13 of 14 people found the following review helpful
A somewhat different view of hiring developers July 22 2007
By Amazon Customer - Published on Amazon.com
Format: Hardcover
This book represents Joel Spolsky's approach to hiring programmers. Smart and Gets Things Done is based on Spolsky's weblog, like his previous book, Joel on Software.

The main thrust of the book is to state that you should only hire the best. While many people would think this is reasonable and obvious, Joel takes the advice much farther than most. He describes in detail his methods for recognizing top talent, convincing them to join your company, and keeping them once you've got them. Joel is not talking about some useless slogan ("We hire only the best"), he is really talking about identifying the best and doing whatever is necessary to hire them.

His advice will probably annoy many managers and some people in human resources. Most programmers will probably love his advice. Whether the approach will work for a company different than Joel's is another question altogether.
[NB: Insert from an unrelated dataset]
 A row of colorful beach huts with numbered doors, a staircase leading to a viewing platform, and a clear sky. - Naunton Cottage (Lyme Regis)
One surprise to me was the fact that this book contained new material that was not on Joel's weblog. The book is extremely readable. Whether you agree with Joel or not on the specifics of his approach, the book is definitely worth reading if you are involved in any way with hiring software developers. It will give you insight into the people that you are innovating and show glimpses of what you may be competing with.
6 of 6 people found the following review helpful
Good book Oct. 26 2007
By J. MCADAMS - Published on Amazon.com
Format: Hardcover
Though I don't always see eye-to-eye with the writings of Joel, I always do enjoy reading his material. This collection of his articles is no exception. Some of the claims and lines of reasoning are a tough sell, but they do call out important things to consider in your organization's hiring strategy.
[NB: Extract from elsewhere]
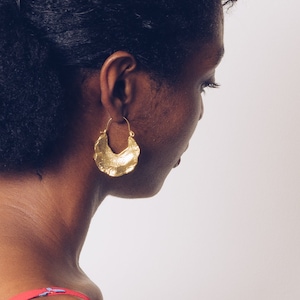 May include: A woman with dark curly hair wearing a gold hoop earring. The earring is a large, textured, crescent shape.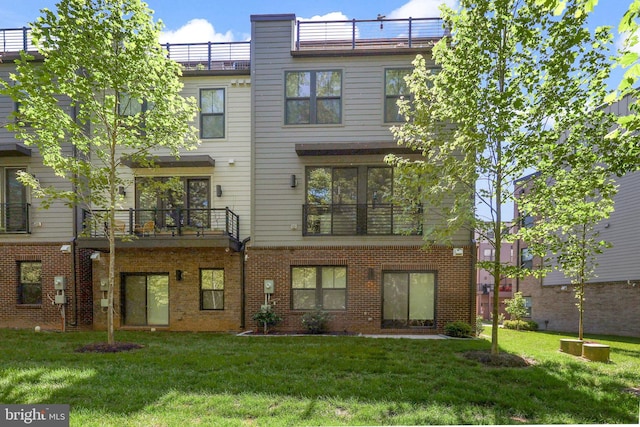 1653 Bandit Loop, Reston, VA 20190 - back of property featuring a yard and brick siding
Just realize before you buy this book, there is a chance somewhere between slim and none that you'll actually be able to implement all of Joel's recommendations. Still, you're sure to find a few areas where you can take action and improve the quality of your new hires.
8 of 10 people found the following review helpful
Good but not great July 8 2007
By Steve Dakin - Published on Amazon.com
Format: Hardcover
Written in Joel's typical "light" fashion the book is a quick and easy ready (as advertised). There are some useful insight amidst the many long-winded passages. Overall I enjoyed this book and felt it was worth price.